--- INPUT DATA Enclosed Below ---

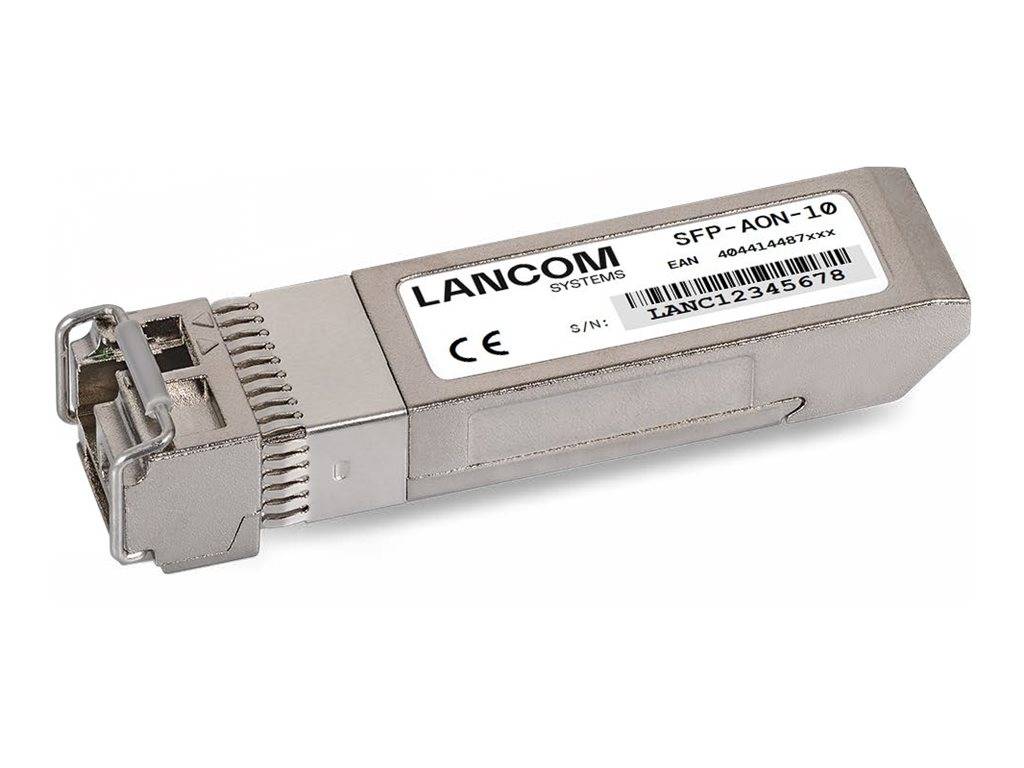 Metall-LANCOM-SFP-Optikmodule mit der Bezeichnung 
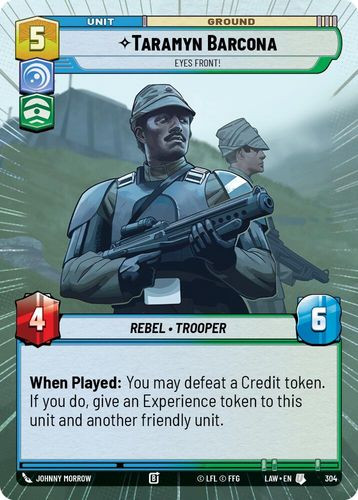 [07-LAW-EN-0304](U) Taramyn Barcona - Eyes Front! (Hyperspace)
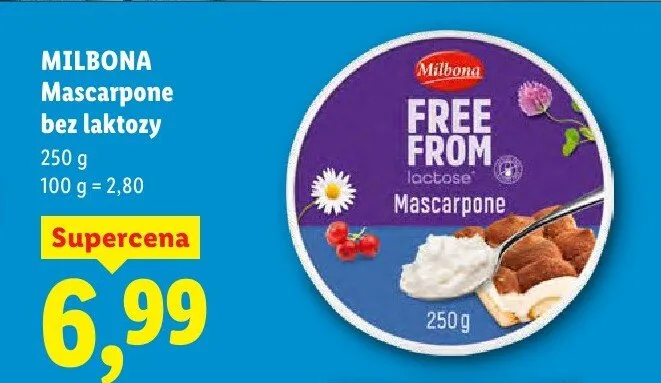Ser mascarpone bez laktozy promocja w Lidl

--- End of Enclosed INPUT DATA ---
--- INPUT DATA Enclosed Below ---

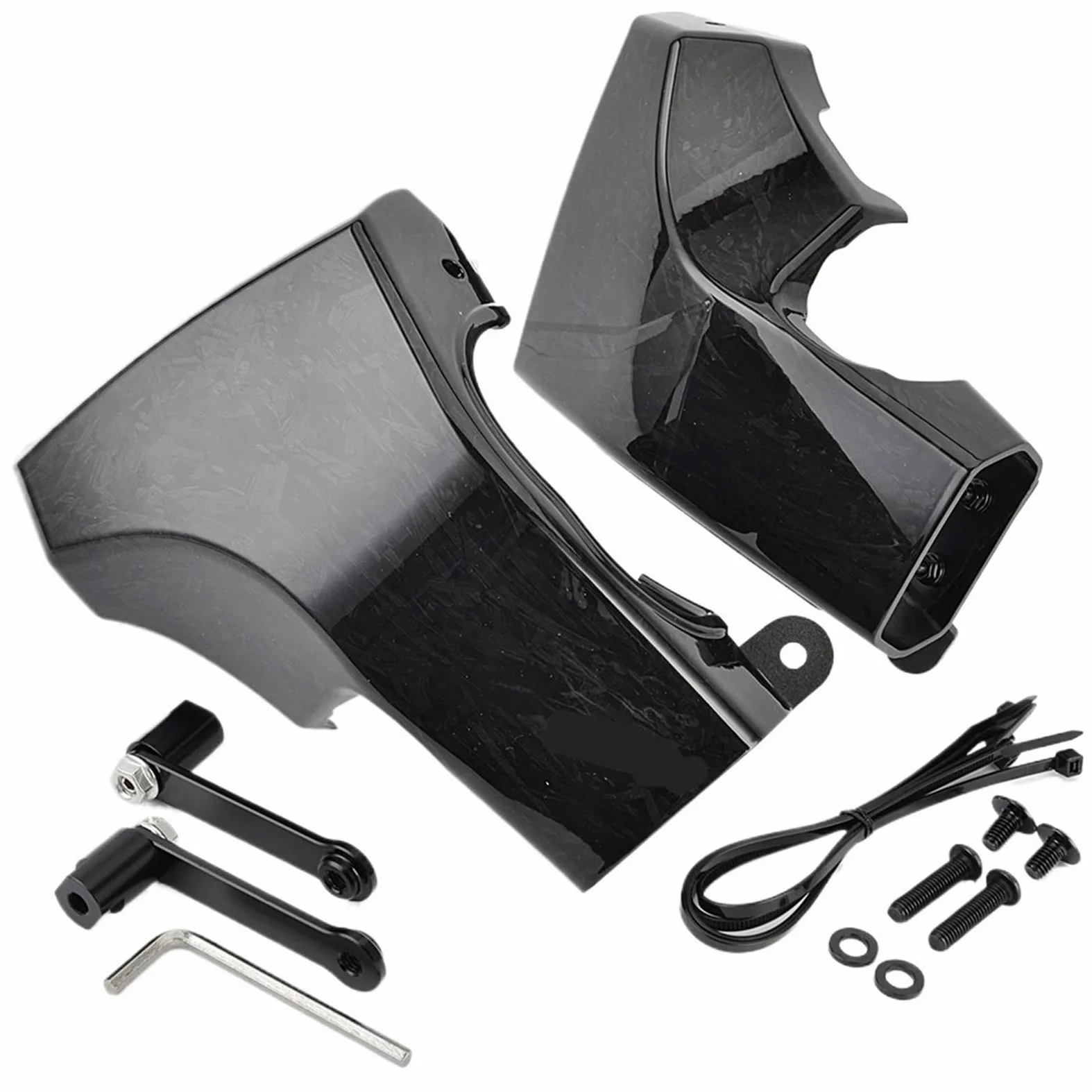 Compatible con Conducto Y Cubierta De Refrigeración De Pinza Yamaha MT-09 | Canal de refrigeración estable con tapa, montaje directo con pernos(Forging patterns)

--- End of Enclosed INPUT DATA ---

EXERCISE DETAILS:
For this exercise, transcribe exactly the part of the records above that opens with the line containing "Metall-LANCOM-SFP-Optikmodule mit der" and closes with the one containing "Ser mascarpone bez laktozy promocja w Lidl". Pictures are not part of the copy.

RESULT OF THE EXERCISE:
 Metall-LANCOM-SFP-Optikmodule mit der Bezeichnung 
 [07-LAW-EN-0304](U) Taramyn Barcona - Eyes Front! (Hyperspace)
Ser mascarpone bez laktozy promocja w Lidl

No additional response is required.